The storm was downgraded just hours after making landfall on Florida’s northern Gulf Coast early Tuesday. It then swept across Georgia on its path to the Atlantic, affecting coastal South and North Carolina.

Although tropical storm warnings had been discontinued, flood watches remained in effect for 24 of Florida’s 67 counties, the governor’s office said in a statement.

The storm dumped as much as 10 inches of rain on Florida communities around Tampa, Tallahassee and Gainesville, according to the National Weather Service.

With one to five inches of additional rain expected to douse central Florida into Tuesday evening, some Tampa Bay area municipalities continued to supply sandbags to residents.

Near Clearwater, Florida, authorities used boats and emergency equipment to evacuate 30 people from a mobile-home park inundated by flooding.
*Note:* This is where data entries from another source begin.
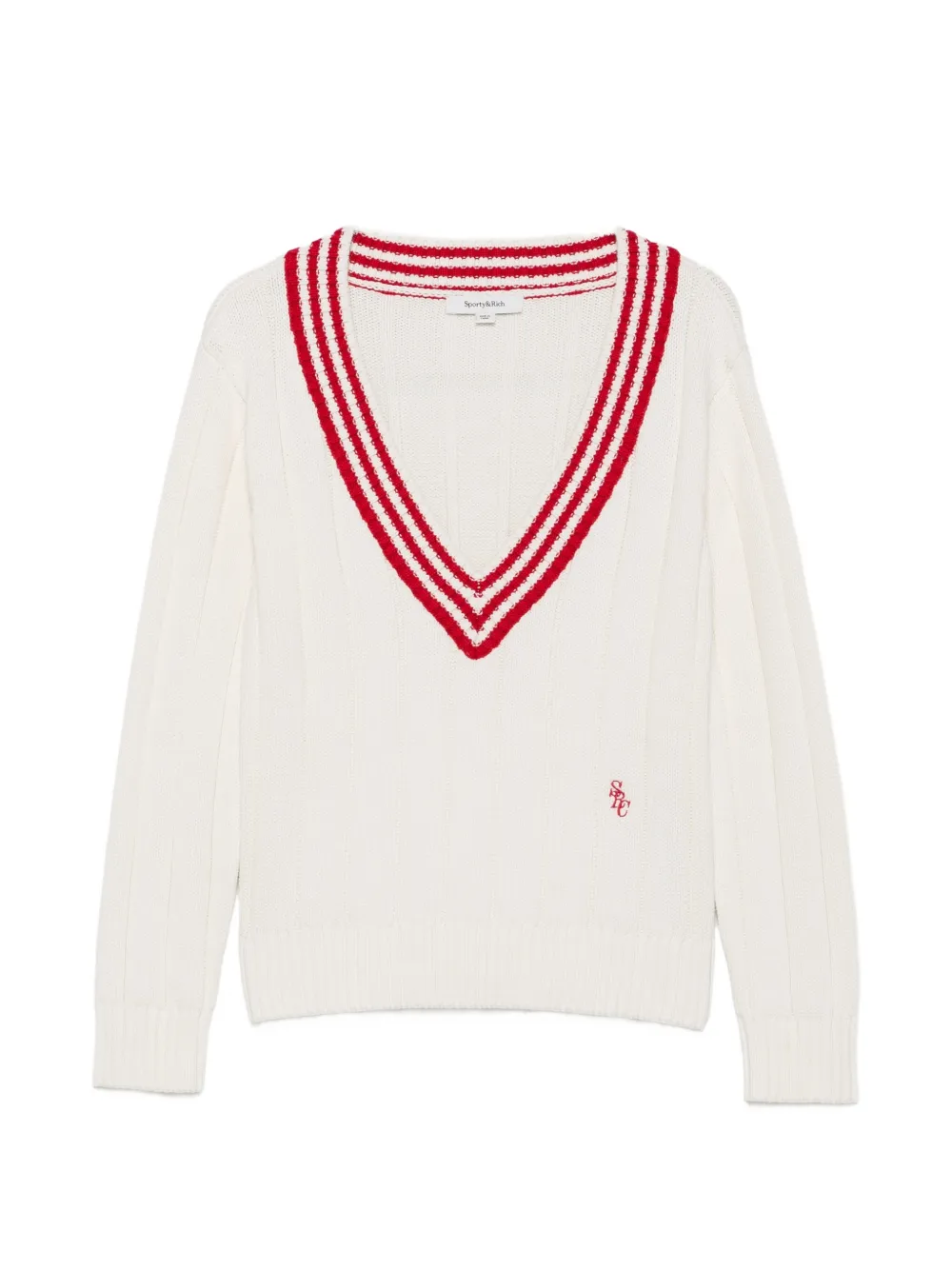 Sporty & Rich Item ribbed-knit striped-trim sweater - Bianco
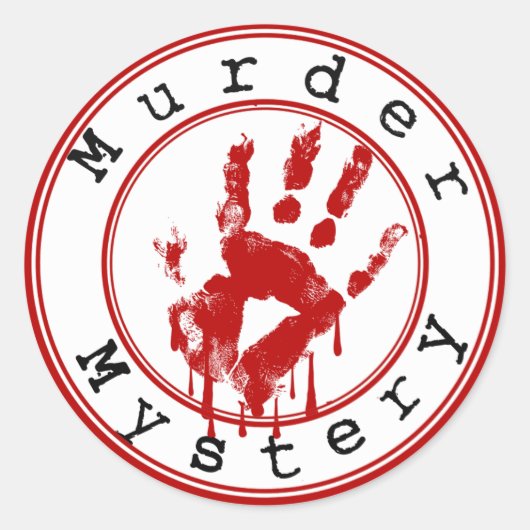 Murder Mystery Genre Ronde Boek Hoesje Sticker (Voorkant)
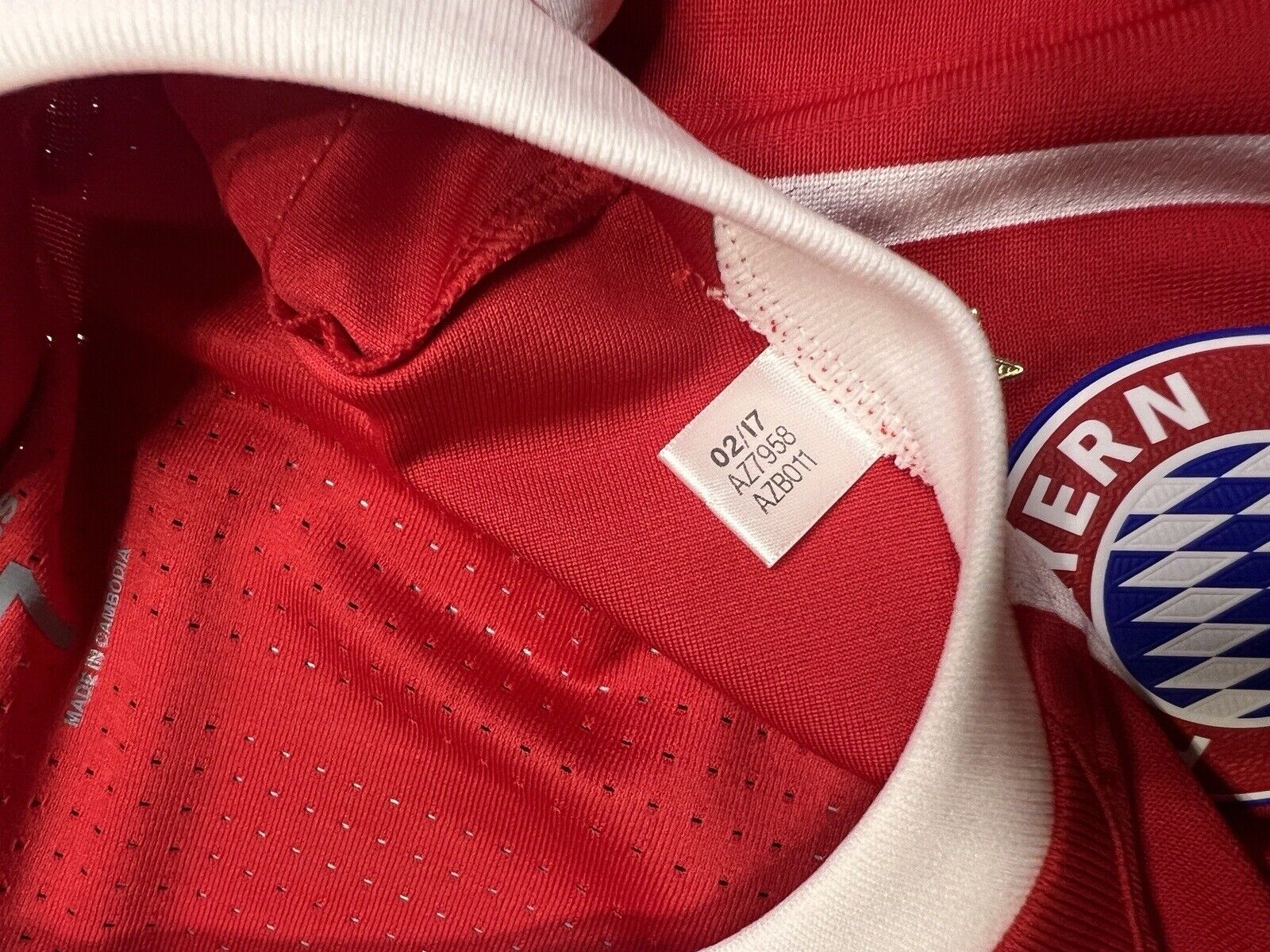 Bayern Munich Jersey 2017/18 Home Match Worn Mens Size 7 Football Shirt Adidas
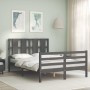 Double bed frame with gray solid wood headboard by vidaXL, Beds and slatted bases - Ref: Foro24-3194088, Price: 165,38 €, Dis...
No one was injured, according to the Largo Police Department, which was involved in the efforts.

As much as two feet of water entered some homes, said Tracy Rascher, property manager at the Mariners Cove Mobile Home Park.

“They aren’t doing very well,” she said. “They don’t have a place to go back to tonight.”

Before the storm hit, Florida Governor Rick Scott declared a state of emergency in 34 counties. He also activated the Florida National Guard, which remained on alert on Tuesday.

Colin also threatened crops in Florida, the country’s biggest citrus producer, and sent U.S. orange juice futures on Monday to their highest in more than two years.

The storm is part of a brisk start to the Atlantic hurricane season that runs through Nov. 30. Over the U.S. Memorial Day holiday weekend, the Carolinas were lashed by heavy rain and winds from Tropical Storm Bonnie.